Wszystko zaczęło się 13 czerwca 2014 roku, kiedy to w dniu dwóch zaplanowanych rozpraw Dawida W., syna Brunona W., do Centrum Powiadamiania Ratunkowego we Wrocławiu wielokrotnie próbował się dodzwonić nieznany mężczyzna. Kiedy w końcu udaje mu się połączyć z dyżurnym żąda on przekierowania rozmowy do Komendy Miejskiej Policji w Jeleniej Górze. Głos w słuchawce informuje, że w trzech budynkach jeleniogórskiego sądu: przy ul. Kościuszki, Bankowej i Wojska Polskiego, jego kolega podłożył ładunki wybuchowe. Padał też nazwiska zarówno sprawcy, jak i kobiety, przez którą bomby miały trafić do tych miejsc. Oczywiście dane są nieprawdziwe.
Na miejsce wysłano zarówno patrole policji, jak i straży pożarnej, miejskiej, ekipę pogotowia ratunkowego. Funkcjonariusze wraz z psem wyszkolonym do wyszukiwania ładunków przetrząsały budynki sądu, pomieszczenie po pomieszczeniu. Jednak w związku z tym, że nie było to pierwsze takie zgłoszenie w jeleniogórskim sądzie, zapadła decyzja, by na czas prowadzonego przeszukiwania obiektów, nie ewakuować ani pracowników, ani też nie odwoływać zaplanowanych na ten dzień posiedzeń sądu.
I na pierwszą ze swoich rozpraw dotyczącą prowadzenia samochodu pod wpływem narkotyków Dawid W. dotarł. Na drugą już nie. Tłumaczył później, że o niej nie wiedział, bo nic o rozprawie nie powiedział mu obrońca.
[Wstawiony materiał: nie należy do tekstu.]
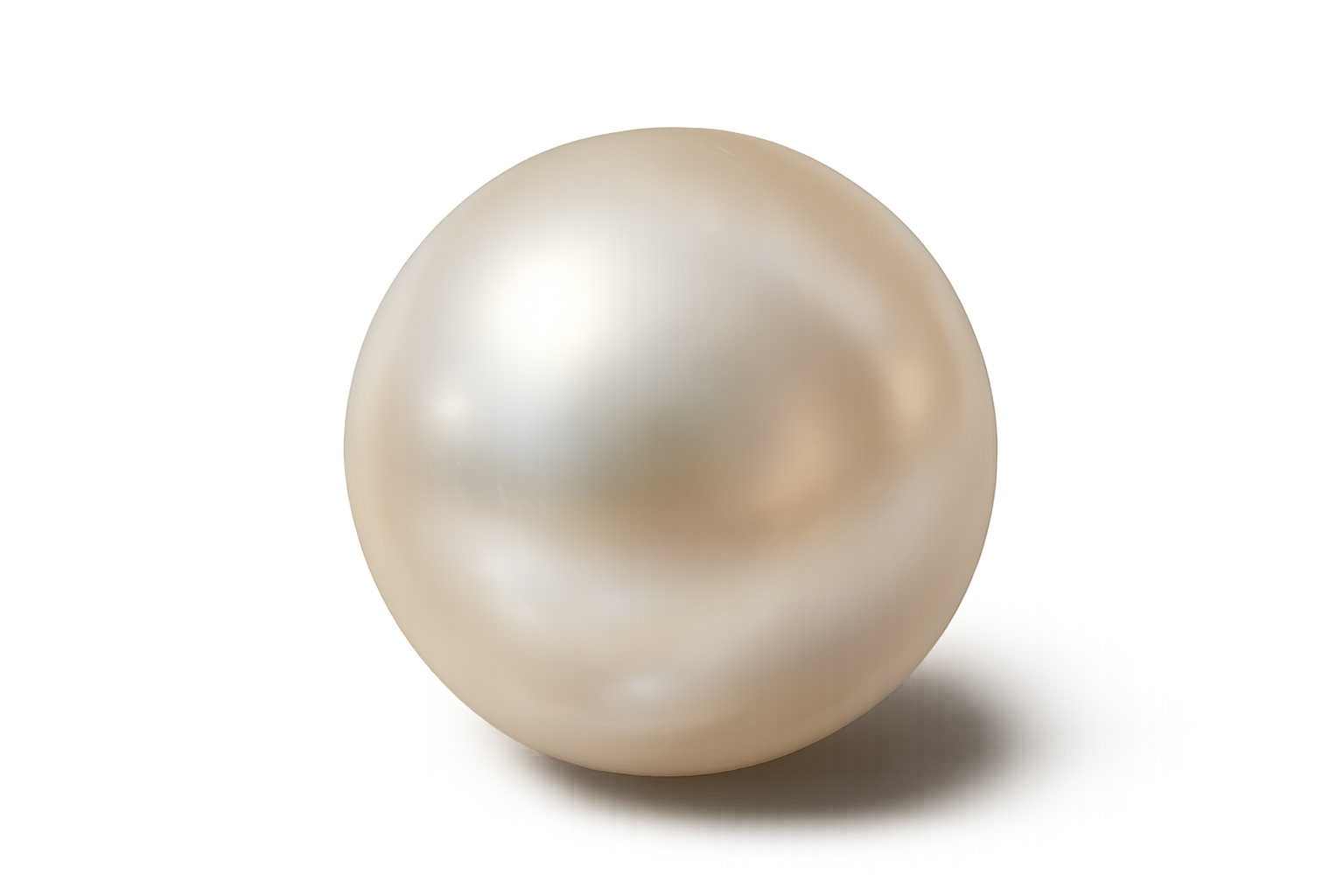 Luminescent Pearl Sphere on Transparent Background, Smooth Round Gemstone with Soft Shadow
Prokuratura nie dała jednak temu wiary i uznała, że zgłoszenie o podłożeniu ładunku wybuchowego w sądzie miało ścisły związek z rozprawami Dawida W. Pod lupę wzięła więc jego ojca Brunona W., który nie przyznał się do winy. Twierdzi, że w tym czasie był na urlopie z żoną w Turcji i jego telefon nie mógł się zalogować w okolicach Wałbrzycha. Z akt sprawy wynika jednak, że badania fonoskopijne potwierdziły, że głos zgłaszający rzekome podłożenie ładunku wybuchowego to głos Brunona W. Ponadto prokuratura udowadniała, że dzięki aplikacji można zdalnie logować telefon w dowolnym miejscu i tym rozwiązaniem posłużył się Brunon W. z Jeleniej Góry.
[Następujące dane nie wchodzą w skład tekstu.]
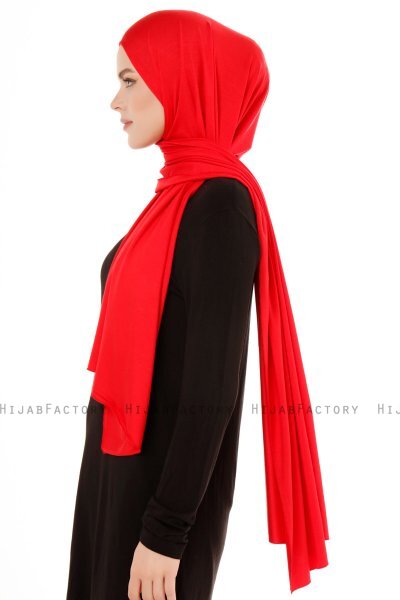 Melek - Hijab Jersey Premium Rouge - Ecardin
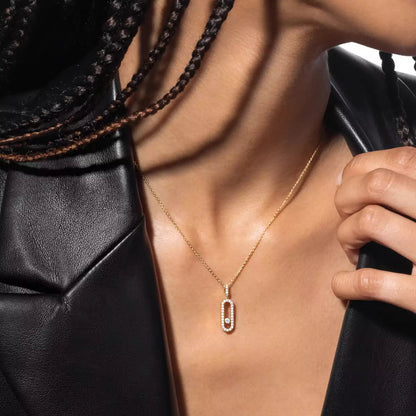 [Mysitc ] Move Uno Diamond Necklace in Rose Gold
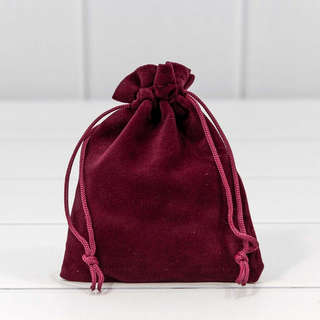 Мешочек бархатный 10х12 см, бордовый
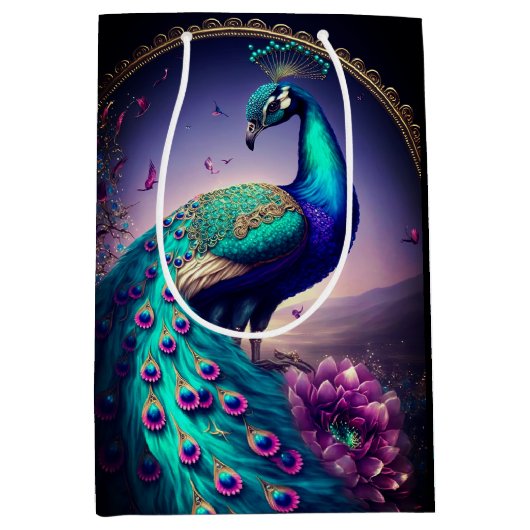 Sac Cadeau Moyen Belle Elégante Peacock Oiseau Faune Art (Devant)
Jeleniogórski sąd pierwszej instancji przyjął te argumenty i skazał Brunona W. na osiem miesięcy więzienia w zawieszeniu na dwa lata. Od tego wyroku odwołały się obie strony. Jerzy Janik, obrońca Brunona W., przekonuje w apelacji, że nie ma twardych dowodów na winę skazanego, bo biegły mówił jedynie o prawdopodobieństwie. Dlatego wnioskuje o uniewinnienie Brunona W. lub o ewentualne uchylenie postępowania i przekazania go do ponownego rozpoznania.
Prokuratura natomiast uznała wyrok za rażąco nieadekwatny do winy i zażądała kary dwóch lat i trzech miesięcy więzienia. O wynikach procesu w sądzie apelacyjnym dowiemy się 5 sierpnia br.